You will find details of our environmental matters in the Environmental Matters section of the Notes to Consolidated Financial Statements beginning on page 13 and in our 2002 Annual Report on Form 10-K in Item 1. BusinessEnvironmental Matters. These details include financial information. Some of the information is about costs that may be material.
Accounting Standards Issued and Adopted
We discuss recently issued and adopted accounting standards in the Accounting Standards Issued and Accounting Standards Adopted sections of the Notes to Consolidated Financial Statements beginning on page 16.

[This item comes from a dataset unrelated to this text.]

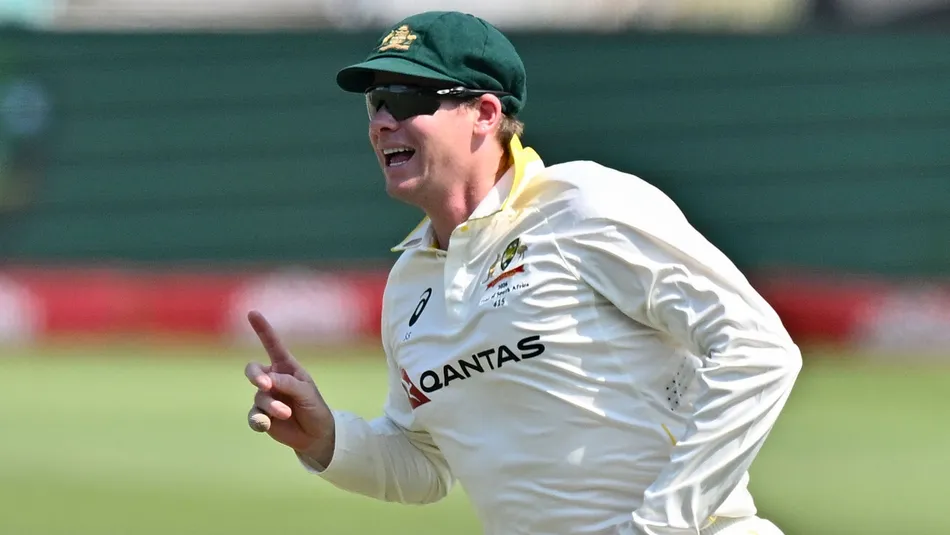 Steve Smith Resumes Fielding Duties After Being Cleared of Concussion Steve Smith Resumes Fielding Duties After Being Cleared of Concussion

Item 4. Controls and Procedures
A control system, no matter how well conceived and operated, can provide only reasonable, not absolute, assurance that the objectives of the control system are met. Because of the inherent limitations in all control systems, no evaluation of controls can provide absolute assurance that all control issues and instances of fraud, if any, within Constellation Energy or BGE have been detected. These inherent limitations include the realities that judgments in decision-making can be faulty, and that breakdowns can occur because of simple error or mistake. Additionally, controls can be circumvented by the individual acts of some persons or by collusion of two or more people.
The design of any system of controls also is based in part upon certain assumptions about the likelihood of future events, and there can be no absolute assurance that any design will succeed in achieving its stated goals under all potential future conditions; over time, controls may become inadequate because of changes in conditions, or the degree of compliance with the policies or procedures may deteriorate. Because of the inherent limitations in a cost-effective control system, misstatements due to error or fraud may occur and not be detected.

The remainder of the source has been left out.